Chào các bạn! Vì nhiều lý do từ nay Truyen2U chính thức đổi tên là Truyen247.Pro. Mong các bạn tiếp tục ủng hộ truy cập tên miền mới này nhé! Mãi yêu... ♥

23 : Canda

Nai dapat melepaskan diri dari rentetan pertanyaan Rega setelah sampai di lokasi tempat bimbingannya. Sebuah gedung ruko tiga lantai bekas sebuah rumah makam yang bangkrut disulap menjadi tempat les dengan cat hijau lumut mendominasi. Bergaya modern dengan garis-garis struktur menghiasi penampakan gedungnya.

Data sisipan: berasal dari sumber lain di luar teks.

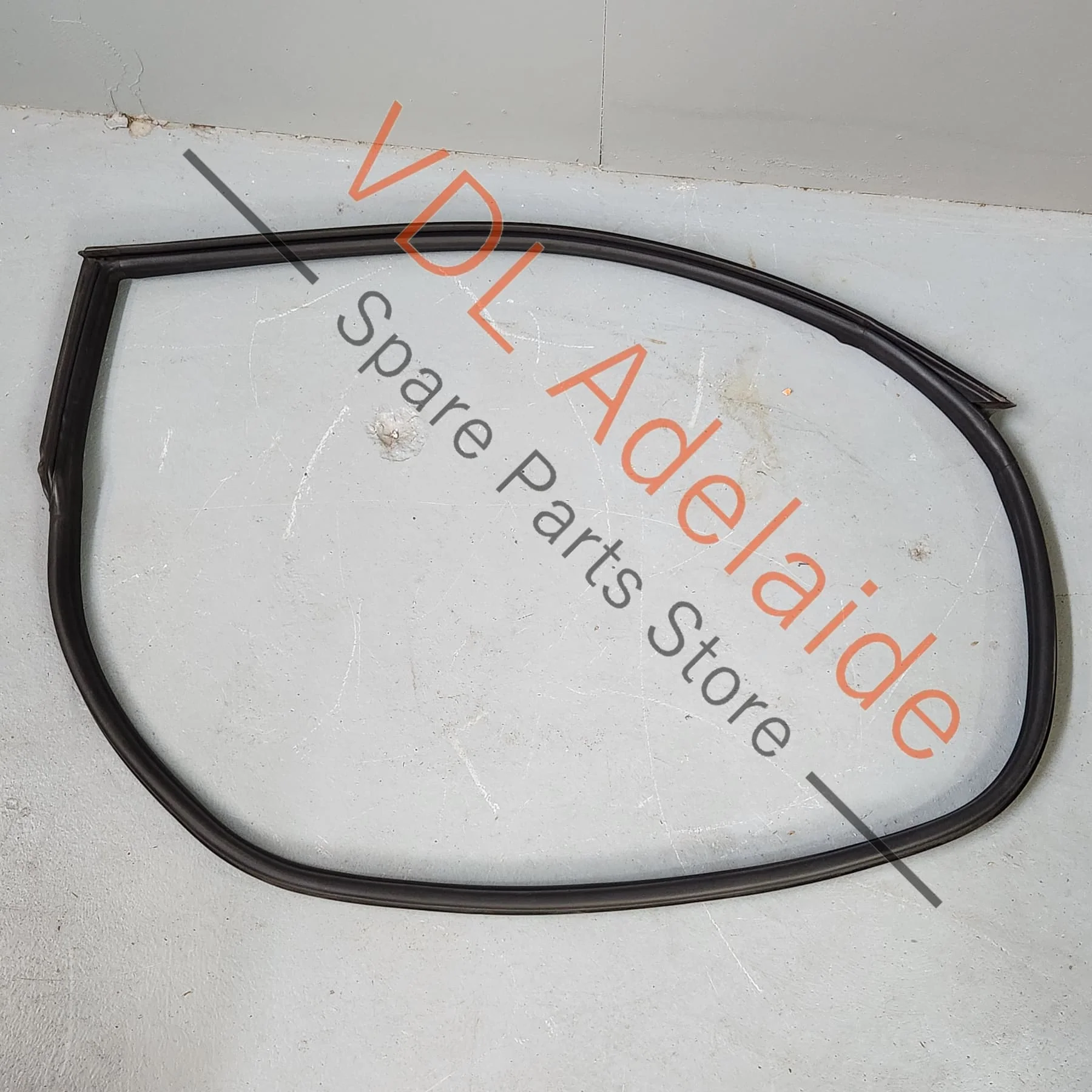 Porsche 911 991 Coupe Right Side Door Rubber Seal Gasket 99153707610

Perempuan itu turun dari motor bebek milik si abang kelas dengan bergegas melepas helm. Memberikan senyum kecil yang dipaksakan, ia membungkuk sebentar lalu mengucapkan, "Terima kasih, Bang Rega. Nai masuk dulu semenit lagi pelajaran dimulai."

Rega tidak menahan Nai kendati hatinya jengkel akibat pertanyaan yang tidak dijawab barang satu saja. Ia tahu Nai sungguhan mengenai satu menit pelajarannya dimulai. Makanya alih-alih memaksanya menjawab itu malah mengulurkan tangan mengacak rambut ikal milik Nai yang kini diikat menyerupai ekor kuda.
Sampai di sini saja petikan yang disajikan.